Previously secret documents revealed on NC mail-in voting settlement opposed by GOP
The Republican members of the state elections board who resigned in protest earlier this week gave the public false information, the board’s leader said in an emergency meeting Friday.
He and the other Democrats who remain on the board released documents they claim should prove their version of events.
“Two members of our board resigned their seats, claiming they were misled and did not have all the information,” said Damon Circosta, chair of the N.C. State Board of Elections, adding: “This is not true.”
For example, one of the GOP board members who resigned, Ken Raymond, said he did so because attorneys from the office of Attorney General Josh Stein, a Democrat, had withheld key information from him and the rest of the board. However, one of the formerly confidential documents released Friday shows that that information was actually on the first page of a legal memo Stein’s office sent to board members nearly two weeks ago.
After the elections board waived its attorney-client privilege on those documents Friday to make them public, Stein tweeted that Republican leaders “are lying” about the elections board’s actions “to create mistrust in our elections.”
“That’s disgraceful & un-American,” he continued. “They should care more about helping people stay safe, healthy, & have their vote count than trying to maintain power.”

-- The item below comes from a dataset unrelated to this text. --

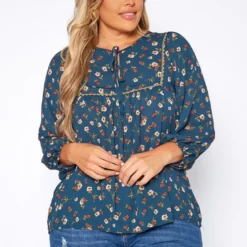 Plus Size Vintage Floral Print Blouse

The controversy surrounds a potential change in the rules for absentee voting. Democrats say it will protect the security of the elections while also making it less likely that people’s mail-in ballots will be thrown out. Republicans, however, say it could open the door for fraud.

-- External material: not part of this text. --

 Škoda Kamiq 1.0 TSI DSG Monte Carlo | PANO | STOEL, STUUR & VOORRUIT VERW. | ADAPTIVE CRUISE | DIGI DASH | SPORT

Pat Ryan, a spokesperson for Republican Senate leader Phil Berger, read the formerly confidential documents after they came out Friday, which include legal memos and minutes from a closed meeting. He said the minutes show top election officials giving explanations that he called contradictory, at best, to explain their actions.

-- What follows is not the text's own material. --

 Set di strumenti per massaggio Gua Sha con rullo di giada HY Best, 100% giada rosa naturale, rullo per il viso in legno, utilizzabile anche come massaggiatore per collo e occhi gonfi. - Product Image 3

“The entire thing is confusing, garbled double-speak,” he said.
In a news conference later Friday, Berger said he thinks if the new rules are approved then there will be no guarantee that the election results will be legitimate.
On Thursday, Republican Sen. Thom Tillis made similar comments. Although Tillis has previously been supportive of mail-in voting, The News & Observer reported, he said he now is skeptical because of the proposed legal settlement.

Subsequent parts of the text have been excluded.